The dalhangari (moon jar) is considered the most beautiful type of vessel among the many white porcelain wares of the late Joseon period. Named for its shape, it resembles the brilliant full moon. The jar is created by throwing two large bowls that are then luted together and completed with a strong foot. All too often, the upper half slips off center during firing: it takes exceptional skill to throw the two halves of the same density and size. As amply demonstrated here, Kim has mastered this demanding technical challenge.

Graceful but substantial, this moon jar is slightly elongated, with gently sloping walls and just enough surface texture to emphasize the material qualities of the clay and how it has been handled. These subtle variations of proportion and contour are typical of Kim’s practice.
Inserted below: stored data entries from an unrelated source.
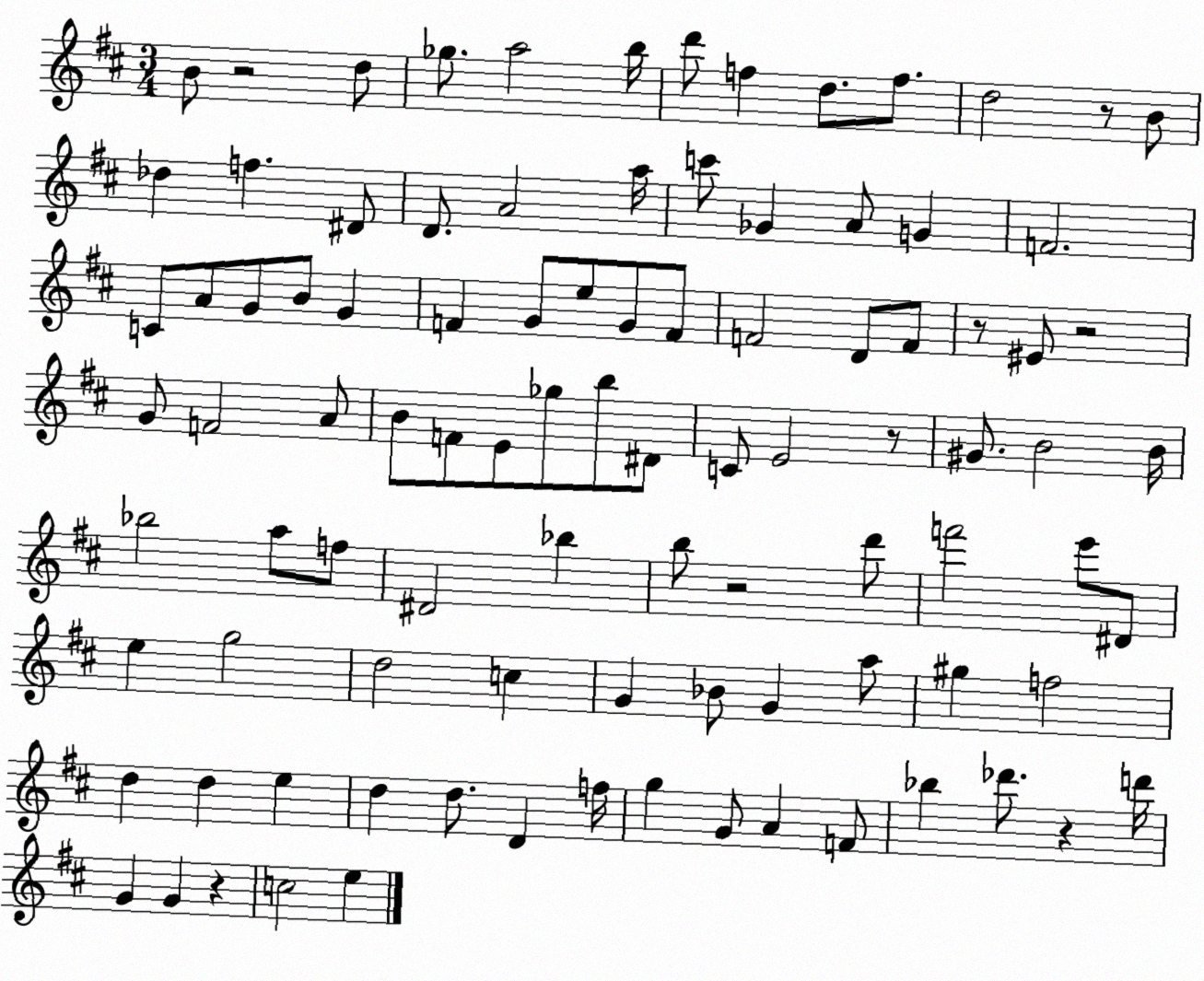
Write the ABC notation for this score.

X:1
T:Untitled
M:3/4
L:1/4
K:D
B/2 z2 d/2 _g/2 a2 b/4 d'/2 f d/2 f/2 d2 z/2 B/2 _d f ^D/2 D/2 A2 a/4 c'/2 _G A/2 G F2 C/2 A/2 G/2 B/2 G F G/2 e/2 G/2 F/2 F2 D/2 F/2 z/2 ^E/2 z2 G/2 F2 A/2 B/2 F/2 E/2 _g/2 b/2 ^D/2 C/2 E2 z/2 ^G/2 B2 B/4 _b2 a/2 f/2 ^D2 _b b/2 z2 d'/2 f'2 e'/2 ^D/2 e g2 d2 c G _B/2 G a/2 ^g f2 d d e d d/2 D f/4 g G/2 A F/2 _b _d'/2 z d'/4 G G z c2 e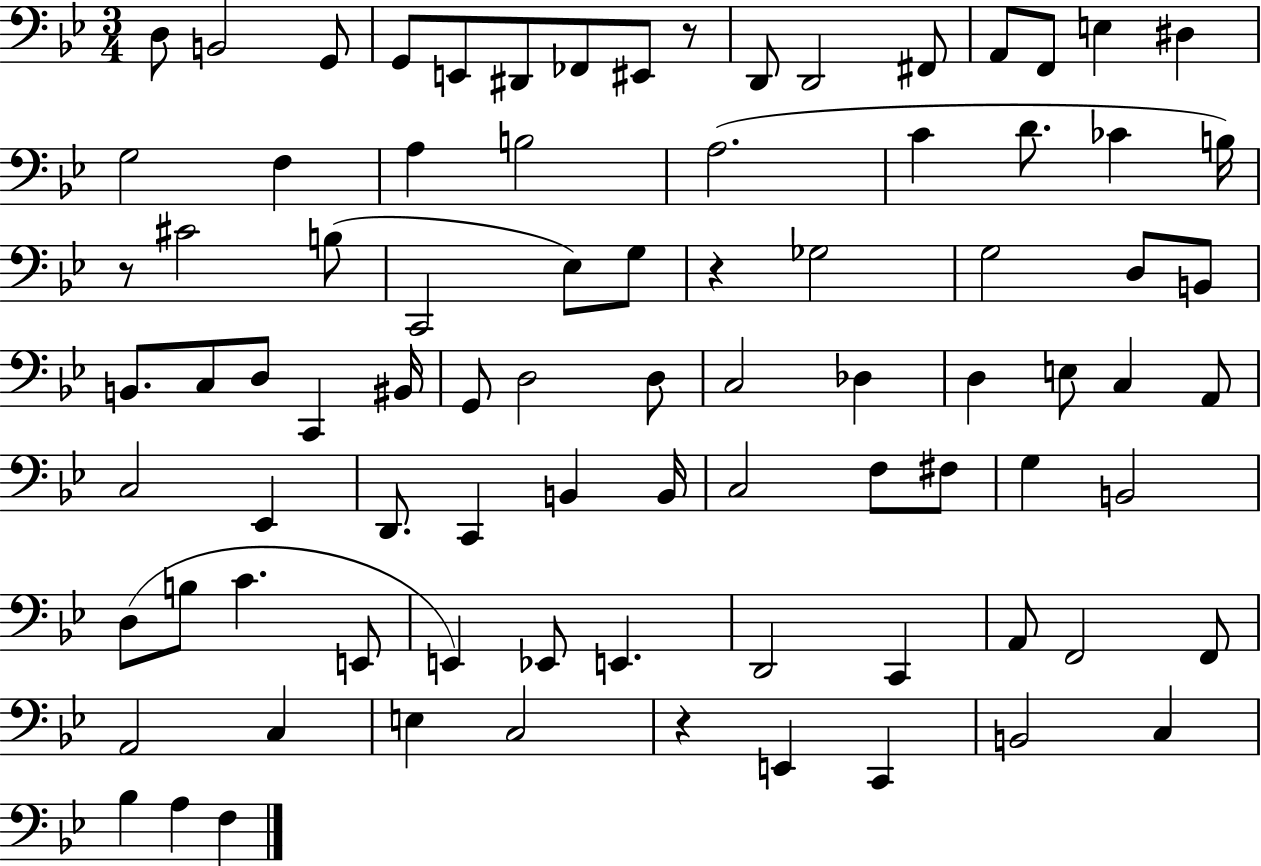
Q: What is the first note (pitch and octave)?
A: D3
[Artwork Description: Its relatively large, globular form and luminous white surface make the Portland Art Museum’s moon jar stand out among the smaller celadon bowls and jars in the Korean gallery. The body of the jar is a globe about 18” in diameter and a bit taller in height. It’s topped by a mouth that’s less than an inch high and 8” wide at the rim with slightly inward sloping sides. The globular body is set on a small, 5” by 1” base. The jar’s white surface appears to be perfectly smooth, but there is a hint of faint, shadowy lines circling the body horizontally from mouth to base, as if it had been constructed by the coil method. Lights set directly above the jar highlight the mouth’s rim and the upper third of the globular body, leaving the rest of the mouth, the lower two thirds of the body and the base in shadow. The lit-up areas make the jar resemble a moon floating in cloudy space.]


Hwang Kyu-Baik

Korean, born 1932

Moon in a Tent, 1979

Color mezzotint on paper

Museum Purchase: Caroline Ladd Pratt Fund, 79.20.1

Hwang Kyu-Baik studied printmaking at Atelier 17 in Paris, where he mastered the medium of color mezzotint in which he would work for decades. His mezzotints are achieved through a laborious and time consuming process where multiple colors and tones within each color are layered to achieve a final image. Both serene and surreal, Hwang’s prints evoke a world apart, infused with a sense of magical realism. These prints date to a mature phase of Hwang’s career, when he was living and working in New York City. In 2000, he returned to Korea and resumed his early practice as a painter.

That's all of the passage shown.